52 Ancestors 2015 Edition: #17 – Finding Edward Noble (c1826 – 1872)

Posted by: Eileen A. Souza

My 2nd great-grandfather, Edward Noble, was born in Ireland abt. 1826, immigrated with his family to England circa 1850, and to Coal Township, Northumberland County, Pennsylvania abt. 1865. I therefore expected to find the family in this county in the 1870 US census; so I searched for them on Ancestry.com with no results. I did find the family as they aged and married in the 1880, 1900, 1910, 1920 and 1930 US censuses. By 1880, Mary, Edward’s wife, was listed as a widow so the 1870 was the only US census where I had a chance of finding Edward with his entire family.

I tried all the variants I could think of with negative results. In my earlier naiveté, I could not believe that any one could mess up a simple name like Noble–wrong. Even though Edward was a common name, I decided that a restricted given name search might save me from having to browse numerous enumeration districts, as I did not have an exact location.

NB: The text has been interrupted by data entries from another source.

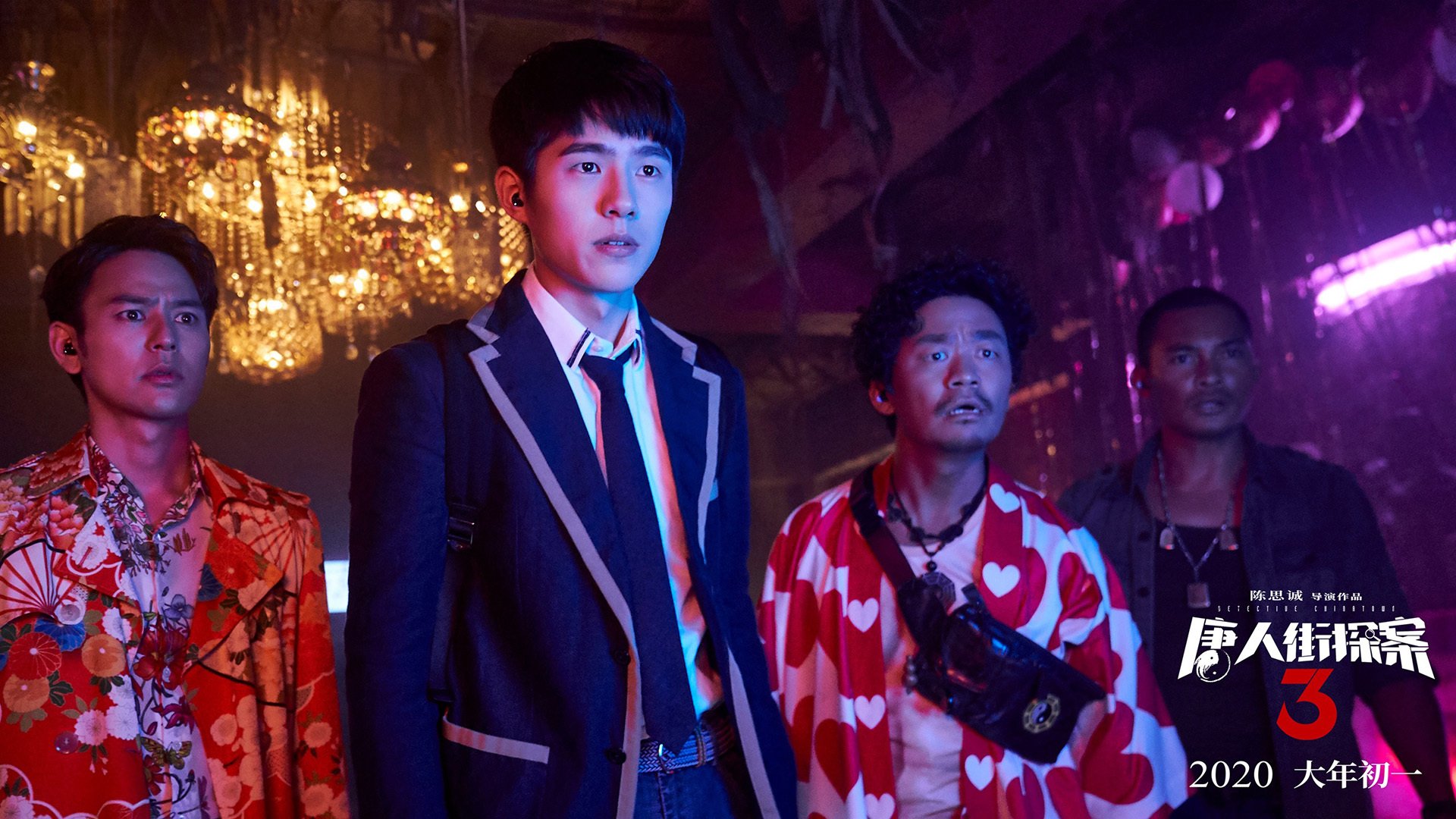 AIYOUXI-KPL榜首战一触即发多方期待巅峰交锋，kpl第一阵容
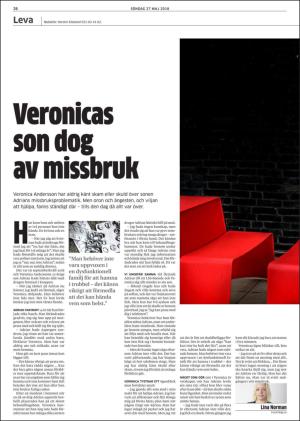 goteborgsposten-20180527_000_00_00_026.pdf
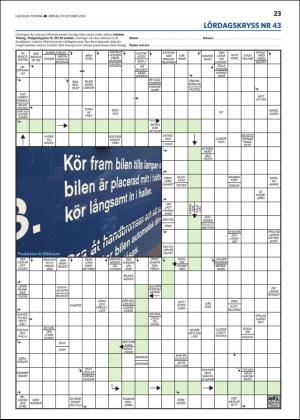 laholmstidning_b-20161029_000_00_00_007.pdf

I selected the 1870 census from the Records Collection box. In the advanced search box I entered Edward and selected exact search from the drop down. I then entered Northumberland County, Pennsylvania and set that to exact. I hoped that by entering the specific location exactly, I could reduce the results to a manageable number to review, even though Edward was a common name.

Source: Ancestry.com

Source: Ancestry.com

 

As you can see, my results were 342 Edwards in Northumberland County, Pennsylvania in 1870. That was better than I expected. I was lucky it was only 1870 and the area was not as settled as it became later as the coal mining industry grew.

Here is part of one page of the results. Edward Noble is the last name in this set of results. It was initially enumerated incorrectly as Knoebel, and then indexed incorrectly as Koeble.

Source: Ancestry.com

Source: Ancestry.com

 

I want to point out to you that directly underneath the indexed name of Edward Koeble, you see his correct name of Edward Noble.

I do not know how many of you are familiar with the ability on Ancestry to suggest alternative spellings for names. If you are sure you have the right person or family, I highly recommend that you submit the alternative spelling as I did here. In this case, I applied it to the entire family. This not only helps you in future search by bringing up this result to the top of your searches, it also helps other researchers find the family without have to go through what I did.

 

 

Week 17 of 52 Ancestors 2015 Edition, a blogging challenge initiated by Amy Johnson Crow in her blog No Story Too Small.